If you're a designer who works with clients, here's something you're probably familiar with: the project that never ends. The actual designing may take a matter of hours, but presenting the idea to a client, making little tweaks and edits, finding a middle ground between your vision and theirs? That process can take months—or even years.
If you ask Julius Ingemann Breitenstein, a recent graduate in product design at Central St. Martins in London, the problem lies in the ideation stage. "When you’re talking to a client and they say something like, 'I want it to feel more jazzy,' he says, "you can spend a week sketching, then come back and they say, 'this doesn't feel jazzy to me."
For his graduate project, Ingemann Breitenstein spent time in product design studios across London researching the inefficiencies in that designer-client process. The result is an algorithm that takes a basic idea for a product and generates countless variations on its design—as directed by a physical controller. Ingemann Breitenstein calls the machine the Unpaid Intern—a tongue-and-cheek nod to the mindless photoshopping and last minute tweaking it could conceivably reduce.

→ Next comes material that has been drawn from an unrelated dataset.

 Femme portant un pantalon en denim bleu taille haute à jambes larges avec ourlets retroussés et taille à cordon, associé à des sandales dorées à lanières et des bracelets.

Right now, Unpaid Intern is still just a concept (no need to fear for your position just yet). Ingemann Breitenstein has built out a prototype of the controller, which looks a bit like a synthesizer. The controller corresponds with a screen, where a program similar to CAD will show the product's basic design. The lower level of knobs on the controller manage the pre-settings, so that you can customize them to range from radical to conservative, for example, or simple to complex. One you've set those, the top row of knobs changes the designs on the screen.
In practice, that would look a bit like this: A designer creates a product, a simple T-shaped object, for example, within the software. She can then use the preset knobs to define the design language—is she iterating for the shape? The complexity of the surface modeling? That can all be decided ahead of time. Then upper knobs can then be used for refinement—to control how much or how little those setting affect the object. The T can morph into something soft or angular as the knobs turn, or it can take on the elements of a new shape. It's a tool that would be most useful in presentations; essentially, it allows you to iterate on a design in front of a client in real-time.
The idea of using generative algorithms in design is not a new one. The Dutch designer Joris Laarman, for example, uses a computer algorithm to generate the design of his Bone Chair based on the way that a bone would grow. In her MIT Mediated Matter lab, Neri Oxman employs algorithms to organically design all kinds of exotic objects, most recently a skeletal mask for Björk. The difference with Unpaid Intern, Ingemann Breitenstein says, is simply that it employs the use of algorithms earlier on in the process, rather than to spit out the final design.
Ultimately, the end goal is a device that will allow designers to collaboratively iterate—with each other or with clients. The idea is that by getting everyone on the same page early on, you can cut out the back-and-forth. The next step, Ingemann Breitenstein says, is to actually program the algorithm, a job he'll have to outsource to a web designer. In the meantime, he's post-graduation and on the job hunt—and hoping to skip the unpaid internship.